Scale. A, In a submosaic view (1000 × 1500 μm), scale is observed as variably refractile, amorphous material at the stratum corneum. B, Corresponding histologic image shows thickened, parakeratotic stratum corneum (hematoxylin-eosin, original magnification ×20).
Polygonal nucleated cells at the stratum corneum. A, Polygonal nucleated cells (arrows) at the stratum corneum appear on reflectance confocal microscopy (500 × 500 μm) as thin bright cellular outlines surrounding dark nuclei; these correspond histologically to parakeratotic cells. B, Histopathologic image from the same case shows parakeratosis (hematoxylin-eosin, original magnification ×20).

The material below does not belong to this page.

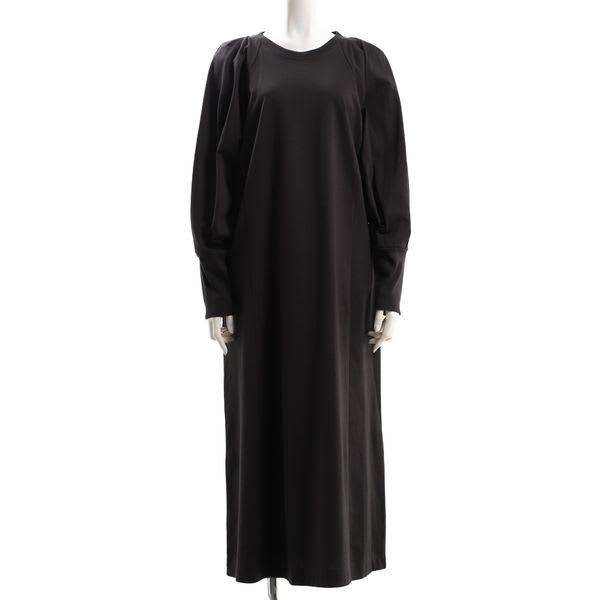 ボリュームスリーブラウンドネックワンピース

Epidermal patterns. A, Typical honeycomb is the reflectance confocal microscopy (RCM) term used to describe the regular gridlike pattern created by the keratinocytes of the spinous-granular layer. B, In atypical honeycomb pattern, the gridlike pattern can still be seen in the RCM image at the level of the spinous-granular layer, but the cellular outlines have various brightnesses, and the dark nuclei have various shapes and sizes. C, Histopathologic image from the same case as panel B shows full-thickness epidermal atypia. D, Disarranged pattern is the term used to describe the RCM appearance at the level of the spinous-granular layer in which cellular or nuclear outlines cannot be discerned, resulting in the loss of the gridlike pattern. E, Histopathologic image from the same case as panel D shows more pronounced epidermal atypia. All RCM images are 500 × 500 μm; both histopathologic samples are hematoxylin-eosin stained, original magnification ×20.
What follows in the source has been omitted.